FFI and union #5492

Closed
sanxiyn opened this Issue Mar 22, 2013 · 28 comments

Projects

None yet
@sanxiyn
Member
sanxiyn commented Mar 22, 2013

How would one call C functions involving union with Rust FFI?

SpiderMonkey's jsval is one example.

Contributor

There could be unsafe enum with the layout defined to be the same as C for interoperability. The only other way to deal with it would be finding the alignof and sizeof of the union in C for each platform and then translating that to Rust.

Member
sanxiyn commented Apr 24, 2013

Referencing Aatch/rust-xcb#2.

Contributor
yichoi commented Apr 25, 2013

referencing servo/servo#398

referencing servo/rust-mozjs#9

Contributor
Aatch commented May 9, 2013

The unsafe enum idea appeals to me, since I thought about it as an option when trying to solve the union issue in rust-xcb, but decided that relying on the representation of enums was too "hacky" and fragile.

Member
pnkfelix commented Jul 1, 2013

brson mentions in the description for #6346 that a "macro based solution" would be appropriate here, though I do not current know what that would entail. (It sounds to me like a potential alternative to the changes to the grammar to add unsafe enum that have been discussed here.)

Member
pnkfelix commented Jul 1, 2013

Nominating for milestone 3, feature complete.

Contributor
cmr commented Jul 31, 2013

I don't think a "macro-based solution" would be appropriate, as you need to restrict the valid range of values at the site of usage, which macros cannot do.

Contributor
graydon commented Aug 8, 2013

An attribute on an enum that makes it have no discriminant and makes any match on the variant-part succeed, should be sufficient.

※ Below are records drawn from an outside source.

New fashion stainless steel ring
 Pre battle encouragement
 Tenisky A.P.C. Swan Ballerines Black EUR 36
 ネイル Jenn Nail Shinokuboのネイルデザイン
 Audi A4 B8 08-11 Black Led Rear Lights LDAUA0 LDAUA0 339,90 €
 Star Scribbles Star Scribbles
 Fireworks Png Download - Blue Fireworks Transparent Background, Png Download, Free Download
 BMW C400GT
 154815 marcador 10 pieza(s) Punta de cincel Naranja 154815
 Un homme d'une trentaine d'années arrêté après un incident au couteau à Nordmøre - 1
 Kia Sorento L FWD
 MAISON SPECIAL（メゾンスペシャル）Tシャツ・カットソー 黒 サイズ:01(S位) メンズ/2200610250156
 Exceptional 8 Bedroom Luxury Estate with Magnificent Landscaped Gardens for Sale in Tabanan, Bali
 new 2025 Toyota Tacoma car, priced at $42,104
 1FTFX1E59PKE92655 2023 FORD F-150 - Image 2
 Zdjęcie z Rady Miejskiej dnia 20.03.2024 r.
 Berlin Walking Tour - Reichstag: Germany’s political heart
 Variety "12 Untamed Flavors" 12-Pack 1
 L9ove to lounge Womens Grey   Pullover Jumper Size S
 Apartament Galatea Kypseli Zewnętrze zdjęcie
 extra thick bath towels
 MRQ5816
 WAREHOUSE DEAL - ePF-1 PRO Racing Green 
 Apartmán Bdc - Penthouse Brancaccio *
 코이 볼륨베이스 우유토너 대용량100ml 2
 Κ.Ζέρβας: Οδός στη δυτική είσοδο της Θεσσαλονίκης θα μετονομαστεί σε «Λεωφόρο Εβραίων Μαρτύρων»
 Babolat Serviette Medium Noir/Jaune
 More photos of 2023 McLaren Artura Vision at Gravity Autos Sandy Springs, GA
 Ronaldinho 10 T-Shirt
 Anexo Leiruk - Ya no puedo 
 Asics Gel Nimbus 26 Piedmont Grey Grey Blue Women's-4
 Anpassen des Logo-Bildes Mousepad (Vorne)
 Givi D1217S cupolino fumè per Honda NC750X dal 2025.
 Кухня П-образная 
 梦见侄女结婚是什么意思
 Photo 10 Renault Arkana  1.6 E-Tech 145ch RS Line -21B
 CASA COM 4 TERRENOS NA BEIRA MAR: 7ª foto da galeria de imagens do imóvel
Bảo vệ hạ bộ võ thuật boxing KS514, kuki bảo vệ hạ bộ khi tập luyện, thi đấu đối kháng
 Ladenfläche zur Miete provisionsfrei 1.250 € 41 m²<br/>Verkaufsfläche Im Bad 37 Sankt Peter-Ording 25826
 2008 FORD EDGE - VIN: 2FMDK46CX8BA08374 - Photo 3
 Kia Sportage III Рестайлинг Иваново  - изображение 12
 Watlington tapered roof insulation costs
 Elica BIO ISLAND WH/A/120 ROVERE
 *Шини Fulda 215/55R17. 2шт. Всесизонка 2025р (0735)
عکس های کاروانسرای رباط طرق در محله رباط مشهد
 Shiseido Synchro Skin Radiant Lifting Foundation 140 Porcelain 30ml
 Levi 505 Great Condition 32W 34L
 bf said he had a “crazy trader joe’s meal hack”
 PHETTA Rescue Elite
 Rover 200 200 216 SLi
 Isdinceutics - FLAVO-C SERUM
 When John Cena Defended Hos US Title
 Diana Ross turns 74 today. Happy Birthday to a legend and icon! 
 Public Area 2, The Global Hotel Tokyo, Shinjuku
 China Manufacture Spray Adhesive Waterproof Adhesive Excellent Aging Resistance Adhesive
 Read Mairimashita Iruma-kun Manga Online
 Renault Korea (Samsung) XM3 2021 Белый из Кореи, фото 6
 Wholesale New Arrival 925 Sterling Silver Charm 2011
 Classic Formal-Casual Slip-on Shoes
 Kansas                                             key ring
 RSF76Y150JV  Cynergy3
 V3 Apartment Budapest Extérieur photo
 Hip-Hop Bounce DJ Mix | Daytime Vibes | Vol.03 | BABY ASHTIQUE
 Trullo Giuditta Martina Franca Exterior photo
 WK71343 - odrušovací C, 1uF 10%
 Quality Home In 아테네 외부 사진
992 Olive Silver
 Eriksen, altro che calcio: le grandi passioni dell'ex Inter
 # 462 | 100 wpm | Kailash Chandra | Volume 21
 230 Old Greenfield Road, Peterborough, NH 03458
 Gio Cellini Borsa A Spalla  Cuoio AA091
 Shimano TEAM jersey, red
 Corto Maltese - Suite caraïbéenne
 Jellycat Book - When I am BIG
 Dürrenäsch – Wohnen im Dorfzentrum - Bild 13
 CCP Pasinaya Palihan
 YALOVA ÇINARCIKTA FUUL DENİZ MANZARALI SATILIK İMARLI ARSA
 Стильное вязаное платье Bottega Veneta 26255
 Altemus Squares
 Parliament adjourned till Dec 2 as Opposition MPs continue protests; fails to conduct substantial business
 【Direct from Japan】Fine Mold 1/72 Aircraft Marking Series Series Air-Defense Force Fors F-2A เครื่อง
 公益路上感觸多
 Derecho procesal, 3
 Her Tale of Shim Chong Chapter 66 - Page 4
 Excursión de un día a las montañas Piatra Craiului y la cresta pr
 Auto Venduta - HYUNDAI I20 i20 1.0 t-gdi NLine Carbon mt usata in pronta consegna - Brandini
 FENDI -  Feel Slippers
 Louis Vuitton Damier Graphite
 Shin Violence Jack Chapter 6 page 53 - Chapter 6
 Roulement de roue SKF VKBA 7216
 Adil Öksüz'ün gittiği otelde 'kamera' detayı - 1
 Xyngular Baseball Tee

Not pretty but neither are C union semantics.

Contributor
graydon commented Aug 8, 2013

accepted for feature-complete milestone

Skrylar commented Dec 13, 2013

I ran in to this problem recently as well; Allegro makes use of Unions for passing events around in C, which turns out to be a pain to deal with in Rust.

@mzabaluev mzabaluev referenced this issue in gi-rust/grust Feb 8, 2014
Open

Need a way to represent union values #11

Member

We do want to solve this problem eventually, but it need not block 1.0. Assigning P-low.

@pnkfelix pnkfelix added P-low and removed P-high-untriaged labels Feb 13, 2014
alxkolm commented Nov 3, 2014

What status?

What's the recommended way to do FFI-compatible unions?

Contributor
jdm commented Jan 21, 2015

I believe structs containing a field which is at least as big as the largest type the union can represent and manual transmutes is the state of the art right now.

Contributor

I believe structs containing a field which is at least as big as the largest type the union can represent and manual transmutes is the state of the art right now.

Make sure you get the alignments right. The struct should have #[repr(C)] and the field posing as the union (or the inner type, in case the newtype struct emulates the union itself) has the alignment of the most-aligned variant.

@jdm Even when variants are different sizes? transmute errors when T and U have different sizes, and transmute_copy is just as dangerous since it copies sizeof(U) bytes, triggering "undefined behavior".

Contributor

Also, the overall size of the union is a multiple of the alignment of its most-aligned variant. This union has the size of 8:

union A {
    int32_t intval;
    char chars[5];
};

Which would require a Rust representation like:

#[repr(C)]
struct A {
    union_data: [i32; 2]
}

So yes, representing unions is not for the unwary.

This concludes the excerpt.